Бог в деталях (Алешковский) - страница 2


Бог проявляется в деталях, когда они свидетельствуют о Нем. Оскверненное подобие Божьего образа может очиститься только Словом, и вернувшись в Него. Это — принцип герметической оптики: то, что внизу, помогает рассмотреть то, что вверху:

Вселенная и в лужах и в болотцах
заглядывалась на саму себя,
по-моему, выискивая сходство
планетки нашей с капелькой дождя.

Таким же образом из увиденного на этапе окурочка вырастает целая история: выражаясь тюремным языком, рОман, в котором есть всё — и герой, и характер, и сюжет, и антагонист, и любовь, и даже библейская аллюзия. Так ужас и абсурд советской власти обнаруживаются в трагедии сталинской семьи, которую запускает маленькая Светлана, нечаянно оторвав фальшивые усы у двойника своего папы:

Горько плакал ребенок, прижавшись к груди оборотня,
и несчастнее их больше не было в мире людей.
Не отец и не друг, не учитель, не Ленин сегодня
на коленках молил: «Не губите жену и детей!»

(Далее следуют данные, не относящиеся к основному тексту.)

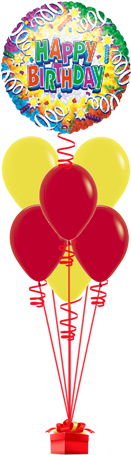 Color Blast Happy Birthday - Birthday Explosion 46cm Happy Birthday Foil Balloon (600x600), Png Download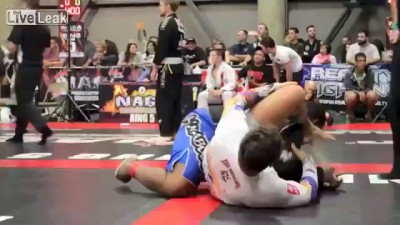 Man Vomits After Getting Farted On During Grappling Tournament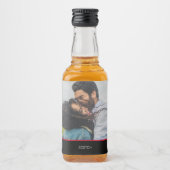Personalisiertes Foto Gastgeschenk Hochzeit Mini Alkoholflaschenetikett (Vorderseite)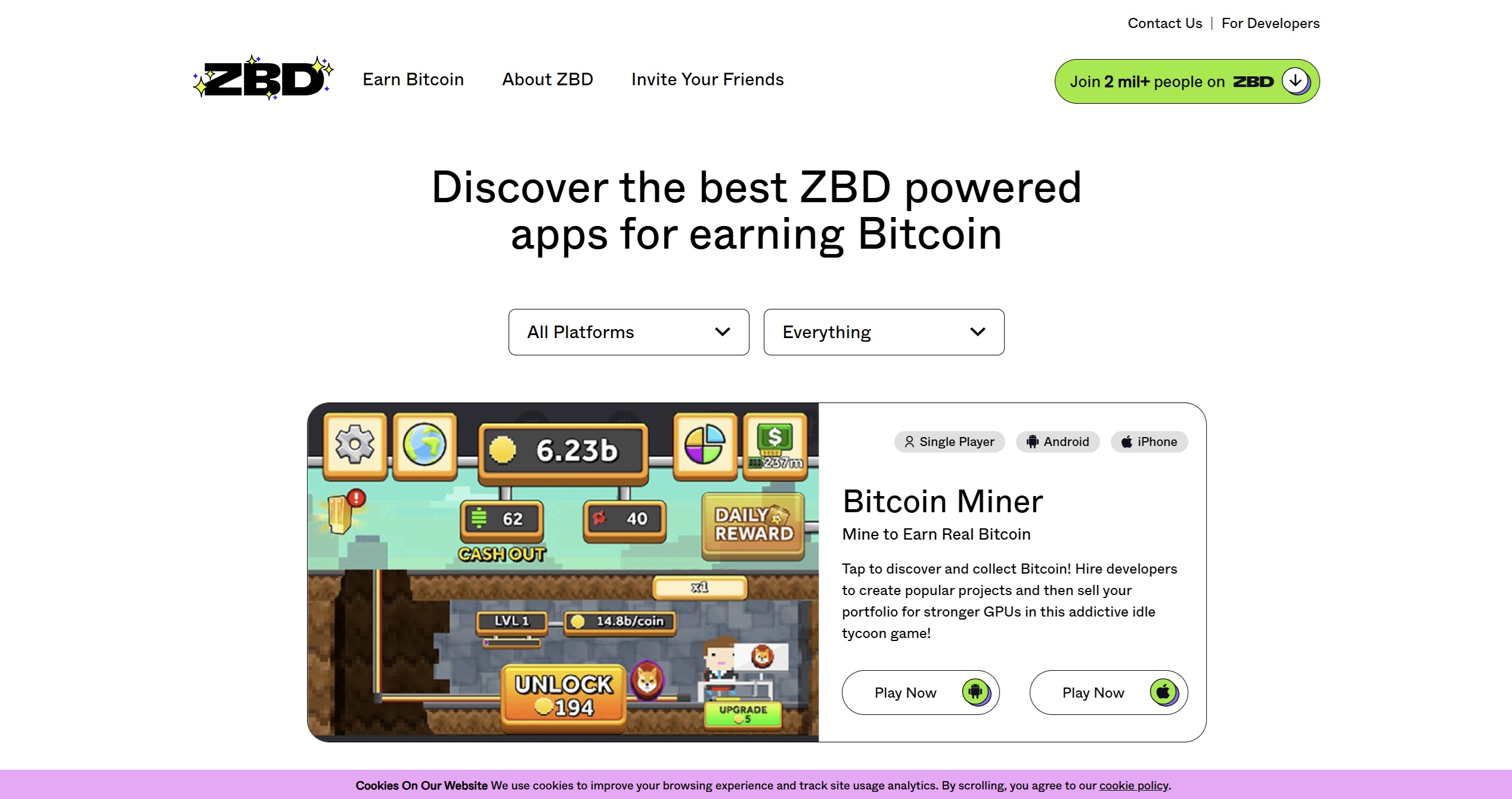 Play to earn games to get free Bitcoin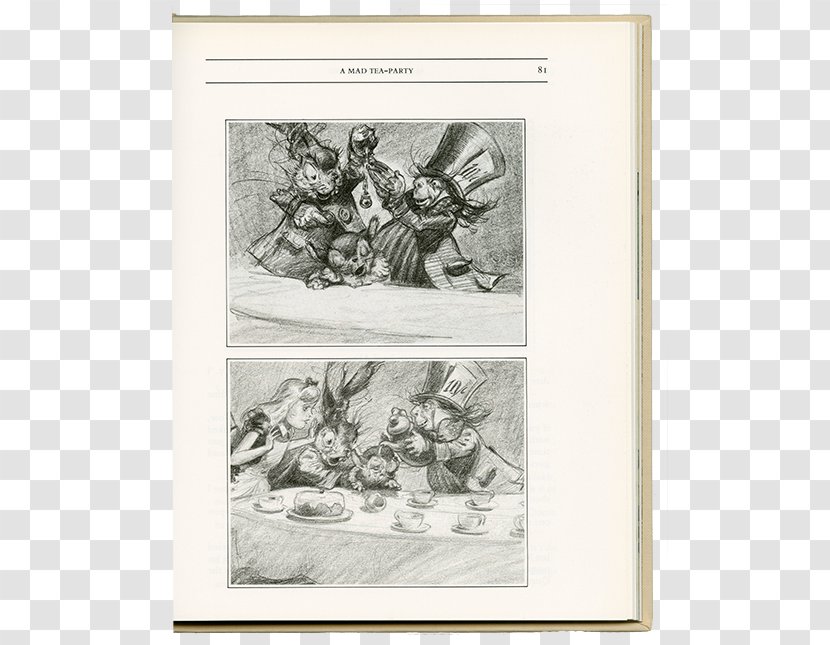 Alice's Adventures In Wonderland Photography Cartoon Sketch - Alice Cards Transparent PNG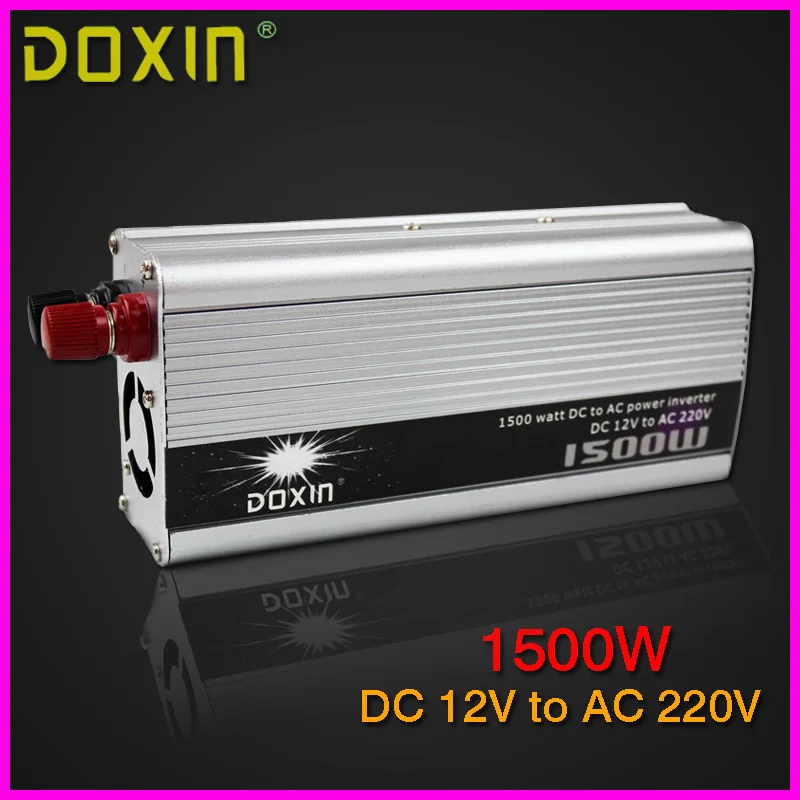 DOXIN 1500 Вт автомобиля Зарядное устройство преобразователь DC 12 В к AC 220 Мощность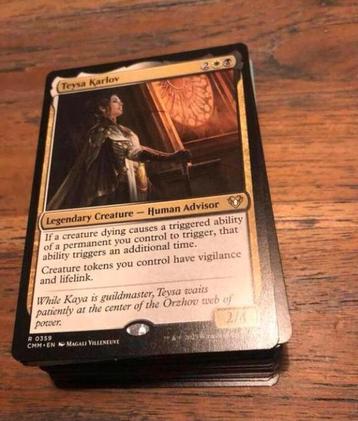 Magic the gathering deck black white beschikbaar voor biedingen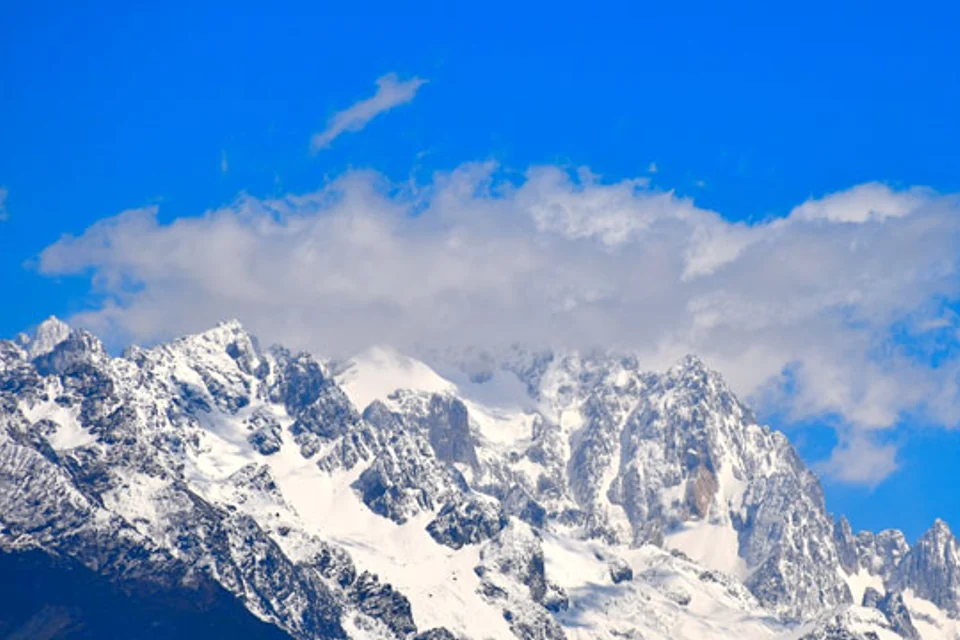Snow-covered peaks of Jade Dragon Snow Mountain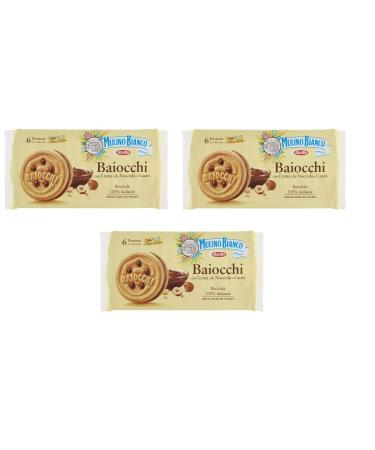Mulino Bianco Mulino Bianco Baiocchi Chocolate Cookies 335 g Set of 3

В лагере отец написал «Песню свободы»: подходящий слоган и точный камертон его жизни и сочинений. Основа его метафизики представлена в романе «Рука» антагонизмом Души и Разума Возмущенного: «Мы, я убежден, произошли от обезьяны, а главное: идей нет никаких у Души. Как же можешь ты, вскричал я однажды, без идей? Опять заплакала Душа. Мне, говорит, просто нравится жить. Мне совсем не нужны идеи. А цели, спрашиваю строго, у тебя есть? Или тебе и цели не нужны? Нет, говорит, не нужны. Жизнь сама есть идея и цель».


Душа — олицетворение Свободы, Разум — тюрьмы, которая в разных ипостасях присутствует в жизнях едва ли всех его героев: ею может выступать и номенклатурная квартира, в которой сталинский палач Мехлис осужден смотреть по телевизору собственные похороны. Душа — епархия Бога, Разум — дьявола.


Игры Разума и приводят к трагедии, в которой, как сказал Бродский, гибнет не герой, а хор. Лирический герой отцовских песен — солист этого хора, маленький человек. Его глазами мы видим абсурдный мир советской власти, выстроенный возмущенным разумом и лишенный здравого смысла (или не видим — как в «Песне слепого», которому объективная реальность по-ленински дана лишь в ощущениях).


Историю из романа «Кенгуру» о лагерном митинге в защиту друзей СССР, томящихся в застенках капитала, и забитом вохровцами Марыськине, который попытался требовать на нем свободы для себя, часто вспоминала моя мать.


Всё повторяется, и не всегда в виде фарса: сегодня говорить о частной свободе снова опасно, как и в сталинские времена, — но уже на успешно побеждающем здравый смысл политкорректном Западе. Лагеря у интеллектуалов теперь другие, а смрадный душок советской власти по-прежнему вьётся над ними черным вороном.